March 10, 2024: Some Rb benchmarks

Three HP 5065A rubidium standards equipped with Corby Dawson's 'Super' modification, measured simultaneously against the maser:

This is another example of a measurement that would be impossible to make with mundane reference sources. All three HP 5065As are fitted with optical bandpass filters for improved S/N performance, placing them well ahead of most commercially-available standards at tau intervals less than a few hours.

In fact, the VCH-1006 isn't good enough to assess the short-term performance of the Rb1 and Rb2 units by itself. A three-cornered hat measurement is informative: while still susceptible to environmental influence as mentioned above, it shows that Rb1 and Rb2 can approach the maser's best factory specs at taus below 1000s.
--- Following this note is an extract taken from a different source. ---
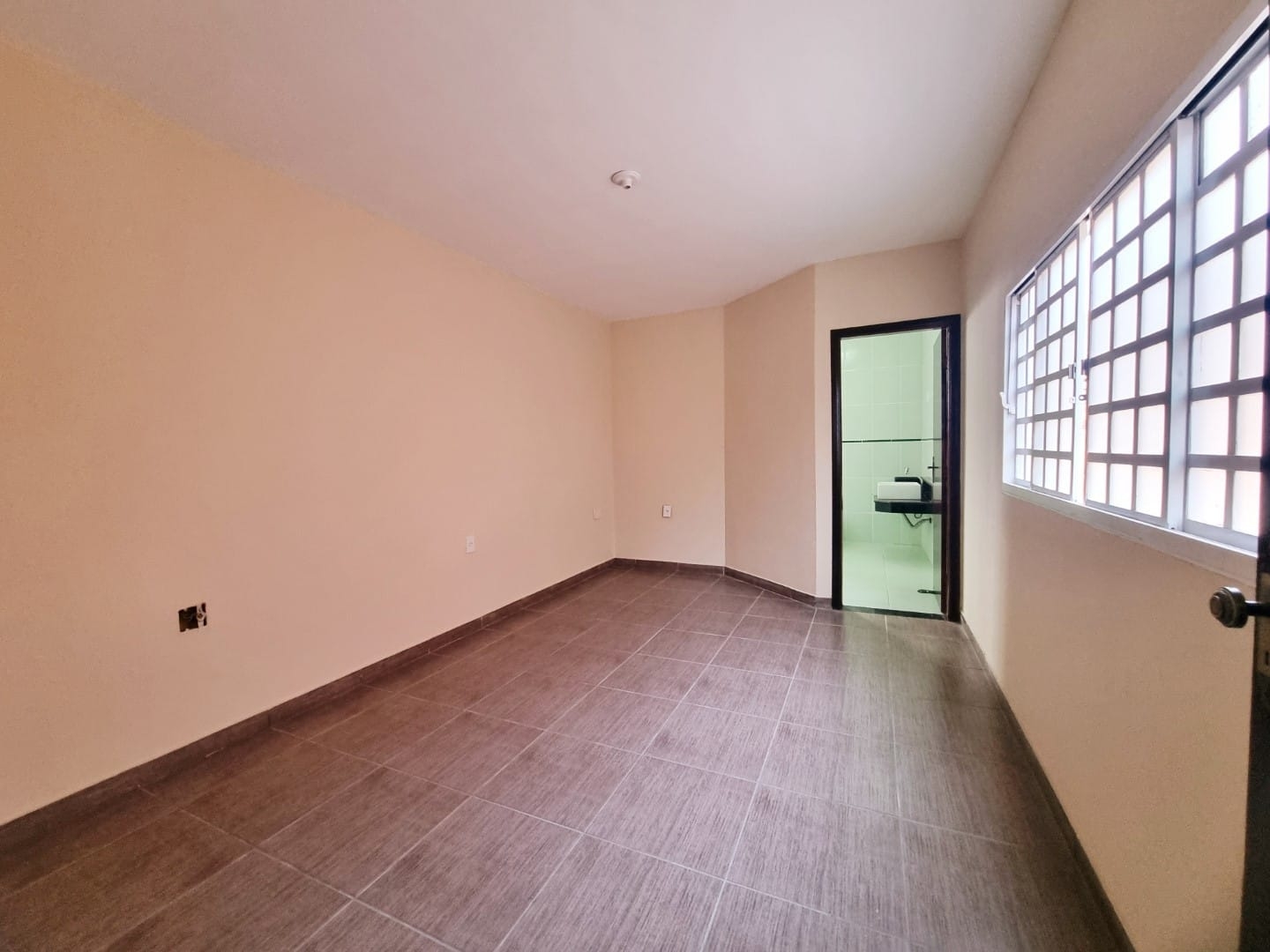 Sobrado, 3 quartos, 214 m² - Foto 28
Only the maser, however, can tell us how the HP 5065As are behaving beyond that.

The slight ripple near t=1s is something I've seen before in measurements made with Tom Van Baak's Kvarz CH1-76 PHM. Not clear what's going on there, or if it's the same phenomenon at all.


June 22, 2024: Various intermittent glitches

Several different issues developed over the course of a day or so: Given the involvement of both the side and bottom cavity heaters, the oven controller subassembly appeared to be the most likely common factor. Defective 100 uF/50V electrolytic capacitors were found at the input and output terminals of the onboard 7824 voltage regulator (image at right).

While both capacitors showed ESR readings near 100 ohms, the input capacitor was primarily responsible for the failures. This was verified by temporarily removing both replacement capacitors to restore the fault condition, then installing a replacement on the input side while the output capacitor remained disconnected:

All three integrators rely on a single floating Zener diode to establish intermediate bias voltages near +8 and +16 volts (see quick sketch of oven controller board schematic), which doesn't strike me as a great idea. As an experiment to reduce supply sensitivity and potential interaction between the different control loops, I replaced the Zener with two separate LM317L regulators in close thermal contact.

Additionally, a bad 470 uF 16V electrolytic was found on the current regulator PCB for the H2 purifier element. Replacing this capacitor increased the purifier current by a factor of roughly 2x and improved the 2nd harmonic level by a factor of about 3x, lowering the ADEV at t=1s from 1.4E-12 to 9.5E-13. Pending some benchmarking, it may make sense to reduce the purifier current somewhat to conserve the H2 supply.